Daimler Truck’s profit halves on US tariffs, weak North American demand

Summary

  • North American arm’s profit margin drops to 5.4% from ​14.4%
  • Full-year guidance confirmed
  • Flags first-quarter tariff impact of at least 100 million ‌euros
  • Order momentum suggests US market recovery

(Reuters) – Daimler Truck’s first‑quarter operating profit more than halved owing to historically weak demand and import tariffs in a North American market where volumes ​fell to a 16-year low, the company said on Wednesday.

Adjusted operating ​profit fell to 498 million euros ($584 million) from 1.08 billion euros ⁠a year earlier, reflecting a sharp slowdown in North America, the group’s largest ​and most profitable market.

The quarter for the first time showed full tariff effects ​at the group’s Trucks North America division, CFO Eva Scherer said.

The sales decline, import tariffs and adverse currency effects cost the North American arm 624 million euros in the quarter, ​the group said.

Scherer added that the tariff impact alone amounted to at least ​100 million euros in the first quarter.

Adjusted return on sales in North America fell to ‌5.4% ⁠from 14.4% in the same period last year.

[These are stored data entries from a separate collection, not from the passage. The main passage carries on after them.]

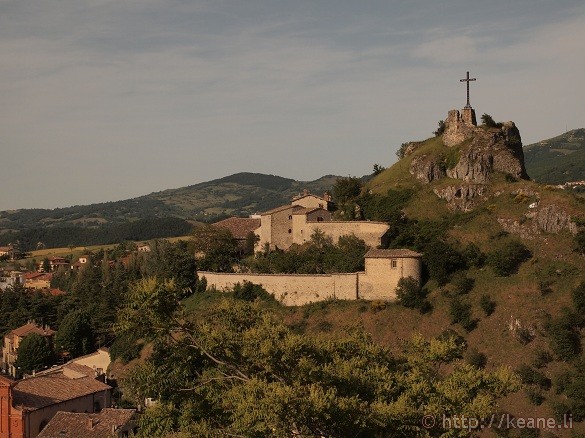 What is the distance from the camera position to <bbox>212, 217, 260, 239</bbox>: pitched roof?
247 feet

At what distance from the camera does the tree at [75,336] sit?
72.8m

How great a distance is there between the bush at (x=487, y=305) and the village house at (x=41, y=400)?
29.0m

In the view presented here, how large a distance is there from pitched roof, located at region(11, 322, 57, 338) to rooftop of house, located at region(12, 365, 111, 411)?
2326cm

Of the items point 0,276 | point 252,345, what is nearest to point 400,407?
point 252,345

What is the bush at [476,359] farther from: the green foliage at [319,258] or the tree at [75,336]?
the tree at [75,336]

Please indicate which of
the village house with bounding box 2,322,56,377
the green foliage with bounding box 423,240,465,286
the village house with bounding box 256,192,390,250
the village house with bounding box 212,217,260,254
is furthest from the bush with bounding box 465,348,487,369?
the village house with bounding box 2,322,56,377

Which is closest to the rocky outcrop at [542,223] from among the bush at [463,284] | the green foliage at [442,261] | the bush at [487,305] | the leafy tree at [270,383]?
the green foliage at [442,261]

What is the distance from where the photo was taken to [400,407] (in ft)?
85.7

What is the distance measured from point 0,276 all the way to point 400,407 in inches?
4894

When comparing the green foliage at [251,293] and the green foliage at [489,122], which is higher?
the green foliage at [489,122]

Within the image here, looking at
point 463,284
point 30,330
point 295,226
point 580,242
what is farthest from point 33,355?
point 580,242

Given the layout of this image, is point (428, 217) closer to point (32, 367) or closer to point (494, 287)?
point (494, 287)

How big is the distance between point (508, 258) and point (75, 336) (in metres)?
43.1

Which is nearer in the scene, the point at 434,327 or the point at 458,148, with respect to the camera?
the point at 434,327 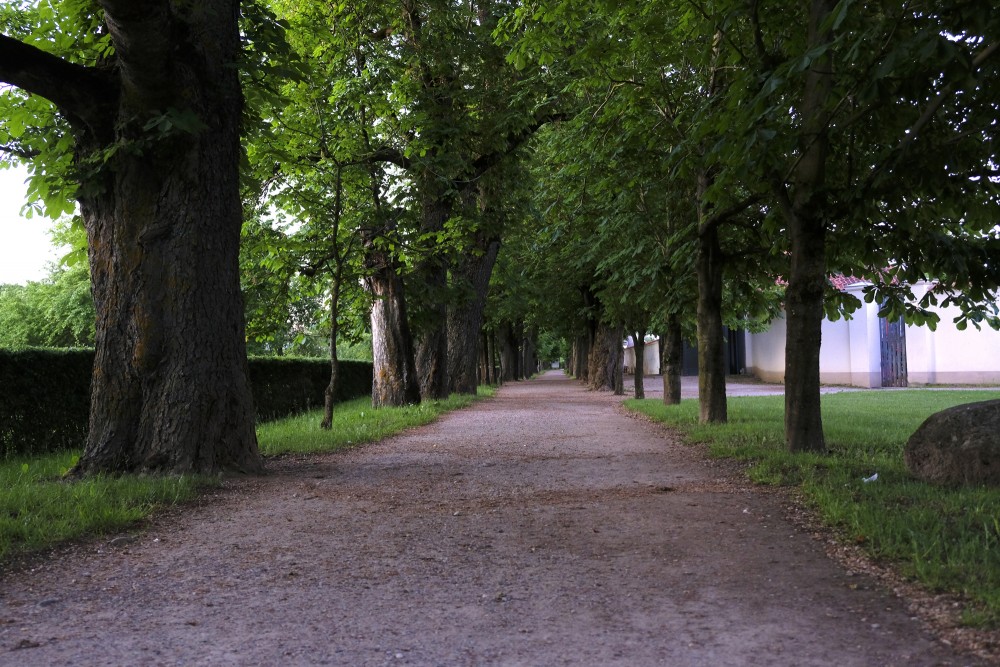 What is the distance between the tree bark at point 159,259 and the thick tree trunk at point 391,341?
9.29 meters

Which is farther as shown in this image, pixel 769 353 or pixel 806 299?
pixel 769 353

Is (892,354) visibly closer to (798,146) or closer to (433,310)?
(433,310)

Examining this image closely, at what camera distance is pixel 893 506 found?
18.8 feet

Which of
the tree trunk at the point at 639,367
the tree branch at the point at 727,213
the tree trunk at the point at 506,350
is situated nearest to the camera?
the tree branch at the point at 727,213

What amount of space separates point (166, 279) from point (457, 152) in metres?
8.39

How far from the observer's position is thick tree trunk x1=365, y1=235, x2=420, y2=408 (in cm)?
1750

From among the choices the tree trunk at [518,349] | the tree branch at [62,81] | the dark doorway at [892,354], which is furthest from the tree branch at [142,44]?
the tree trunk at [518,349]

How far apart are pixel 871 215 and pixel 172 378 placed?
7361mm

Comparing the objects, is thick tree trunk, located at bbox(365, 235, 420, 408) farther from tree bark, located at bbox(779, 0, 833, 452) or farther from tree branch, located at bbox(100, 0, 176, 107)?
tree bark, located at bbox(779, 0, 833, 452)

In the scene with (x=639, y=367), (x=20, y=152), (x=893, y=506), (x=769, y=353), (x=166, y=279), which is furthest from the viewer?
(x=769, y=353)

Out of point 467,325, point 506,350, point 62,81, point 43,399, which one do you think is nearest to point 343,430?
point 43,399

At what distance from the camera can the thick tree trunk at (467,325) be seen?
74.3 feet

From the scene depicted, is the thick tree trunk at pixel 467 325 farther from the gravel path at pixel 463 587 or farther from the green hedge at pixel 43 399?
the gravel path at pixel 463 587

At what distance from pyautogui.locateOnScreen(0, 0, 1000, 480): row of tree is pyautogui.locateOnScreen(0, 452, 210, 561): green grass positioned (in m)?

Despite the weak start to the year, Daimler Truck struck a more upbeat tone on demand. Scherer said North American sales in the second quarter were expected to be about 50% higher ​than the first ​three months of ⁠2026, with profitability at the upper end of the group’s confirmed full‑year guidance.

The North American division’s order intake increased by 86% ​in the quarter, chiming with comments from rivals Traton and Volvo.

While ​the company ⁠has so far registered only a limited impact from the war in the Middle East, prolonged high oil prices could weigh on demand, Scherer said.

Daimler Truck CEO ⁠Karin ​Radstrom added that higher diesel prices were not ​directly accelerating adoption of zero‑emission trucks, citing charging and refuelling infrastructure as a key bottleneck.